🤖 AI Summary
Human perceptual priors are typically incorporated only during downstream fine-tuning in visual representation learning, failing to enhance the model’s initial representation capability.
Method: We propose Perceptual Initialization (PI), which injects human perceptual structure—derived from the NIGHTS triplet—directly into visual encoder parameter initialization, followed by self-supervised pretraining on YFCC15M. This is the first approach to embed perceptual priors at initialization rather than solely at fine-tuning, enabling zero-shot cross-task generalization without task-specific adaptation.

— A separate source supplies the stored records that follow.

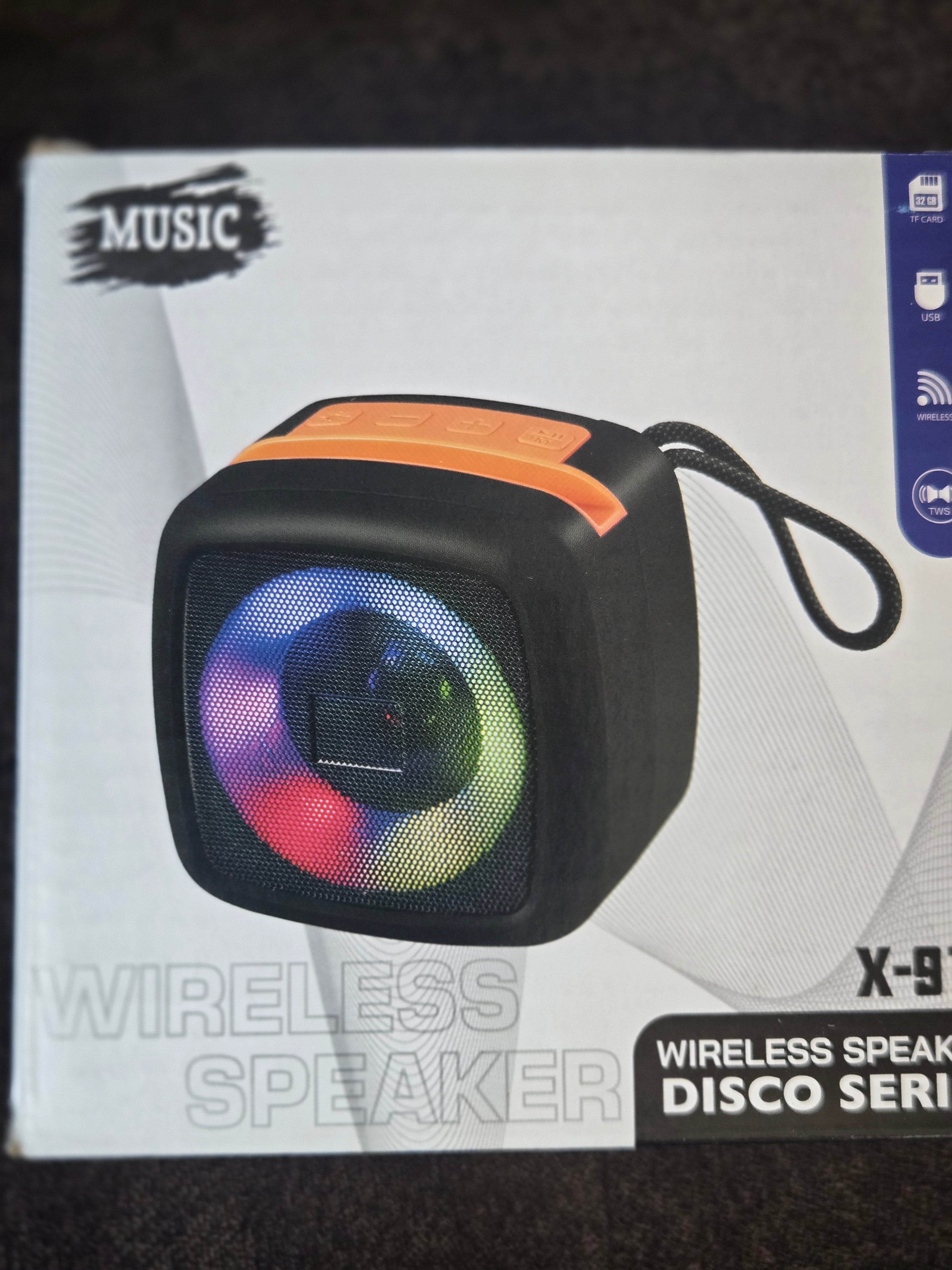 Wireless speaker disco series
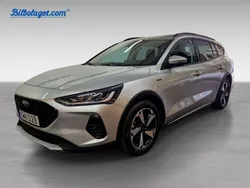 Grå Begagnad 2024 Ford Focus Active Kombi | 259 800 kr (Lite dyr)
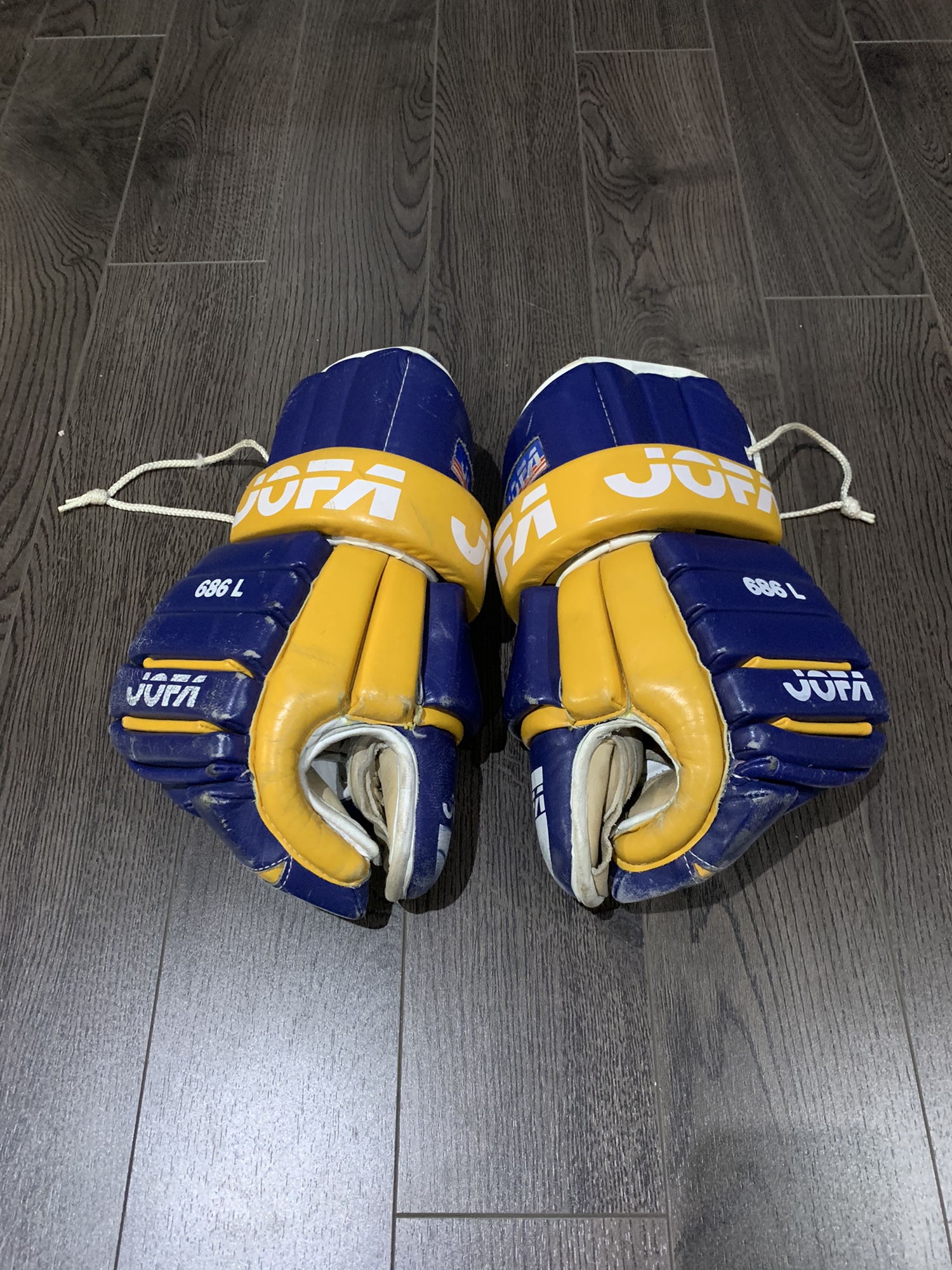 JOFA GLOVES L.A. KING ( PURPLE) PRO STOCK SidelineSwap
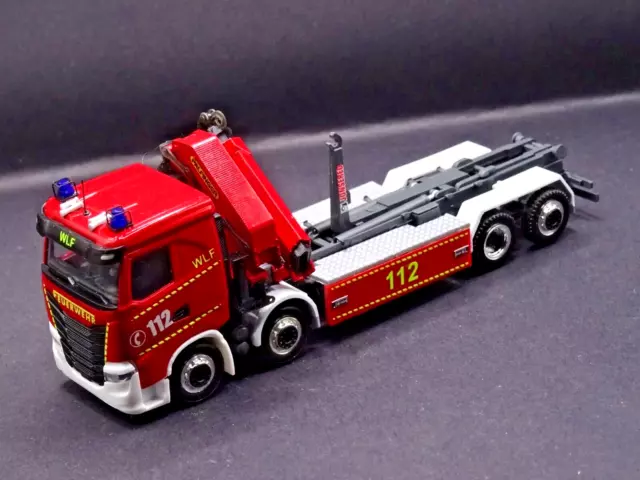 Feuerwehr Iveco schweres Wechselladerfahrzeug mit Kran. Perfekt für lange AB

Results: PI achieves state-of-the-art performance across 29 zero-shot classification and retrieval benchmarks. On ImageNet-1K, zero-shot Top-1 accuracy improves significantly after only 15 pretraining epochs; retrieval metrics (e.g., R@1, R@5) show consistent and stable gains. These results demonstrate that perception-guided initialization fundamentally enhances vision-language alignment and generalization capacity.
📝 Abstract
We introduce Perceptual-Initialization (PI), a paradigm shift in visual representation learning that incorporates human perceptual structure during the initialization phase rather than as a downstream fine-tuning step. By integrating human-derived triplet embeddings from the NIGHTS dataset to initialize a CLIP vision encoder, followed by self-supervised learning on YFCC15M, our approach demonstrates significant zero-shot performance improvements, without any task-specific fine-tuning, across 29 zero shot classification and 2 retrieval benchmarks. On ImageNet-1K, zero-shot gains emerge after approximately 15 epochs of pretraining. Benefits are observed across datasets of various scales, with improvements manifesting at different stages of the pretraining process depending on dataset characteristics. Our approach consistently enhances zero-shot top-1 accuracy, top-5 accuracy, and retrieval recall (e.g., R@1, R@5) across these diverse evaluation tasks, without requiring any adaptation to target domains. These findings challenge the conventional wisdom of using human-perceptual data primarily for fine-tuning and demonstrate that embedding human perceptual structure during early representation learning yields more capable and vision-language aligned systems that generalize immediately to unseen tasks. Our work shows that"beginning with you", starting with human perception, provides a stronger foundation for general-purpose vision-language intelligence.